Two months later the Narváez expedition reached Apalachen (probably a village near present-day Lake Miccosukee about 20 miles east of Tallahassee) where the Spaniards found no gold or other treasure and were attacked by the Native Americans. The Spaniards abandoned their search for wealth and returned to the coast, where the expedition party slowly fell apart. Nonetheless, the myth of the riches of Apalachen lived on.

A decade later, the 1539 expedition of Hernando de Soto wintered at Apalachen, which they called Anhaica. Subsequently, the Spanish adapted the tribal Native American name to Apalachee and applied it to the coastal region of the Florida panhandle and the Indian tribe that lived there.

De Soto had been one of the first Spaniards to enter the incredibly rich city of Cuzco in Peru, so he knew from personal experience that rich cities on the American continent were high in the mountains. Hearing that there were mountains to the north of Apalachen, in March of 1540 he led his expedition north through modern-day Georgia and reached modern-day eastern Tennessee in May.

It is sometimes said that it was de Soto who gave the Appalachian mountains their name; however there is no documentary evidence to prove this conjecture. Surviving de Soto documents label the mountains as the provinces of Chalaque and Qualla.

The name Apalchen appears on a map for the first time in Diego Gutiérrez’ Amsterdam-published 1562 map of South America, Central America, and the east coast of North America. Walls speculates that this map may have been drafted a decade or more earlier and that the account of Cabeza de Vaca was the source of the name Apalchen.

Gutiérrez’s map shows the Amazon River system, Peru and its capital Cuzco, and names hundreds of other places including the Bay of Santa Maria (the future Chesapeake Bay). The map’s many sketches depict parrots, monkeys, and Brazilian cannibals, along with mythical creatures such as mermaids, sea monsters, and Patagonian giants. In addition to printing Apalchan for the first time, this was also the first map to print the place name “California,” located at the cape at the end of the Gulf of California.

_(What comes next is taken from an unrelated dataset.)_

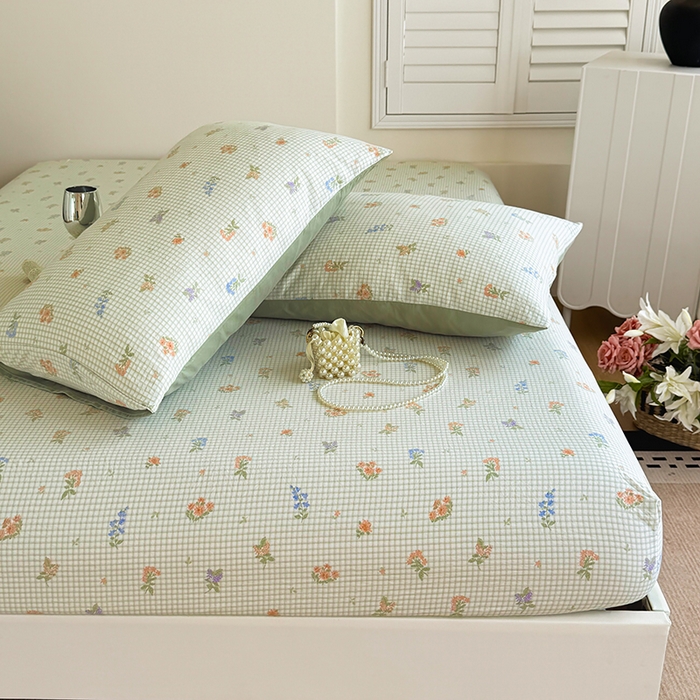 91家纺网 家纺一手货源 找家纺 卢赛尔 2025新款水洗珍珠棉皱皱纱印花床笠 格子-绿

Walls gives credit for naming the Appalachian mountain range to the French artist Jacques le Moyne de Morgues. Le Moyne traveled in 1564 with a French Huguenot expedition that constructed the short-lived Fort Caroline at the mouth of the St. John’s River in present-day Jacksonville, Florida.

Le Moyne drafted a map detailing the Florida peninsula and Carolina coast in 1565, although it was not published until 1591 by Theodore de Bry. Along its top edge the map bears the Latin inscription “Montes Apalatchi, in quibus aurum argentum & aes invenitur” or “The Apalachian Mountains in which gold, silver and copper are found.”

In sum, while the precise origins of the words Appalachia and Appalachian remain somewhat obscure, we can be certain that they derive from American Indian, Spanish, and French sources. We can also be certain that they do not derive from any English roots. Spaniards were exploring North America long before any Englishman landed there.

Virginia was Florida before it was Virginia and Appalachia was Spanish before it was English.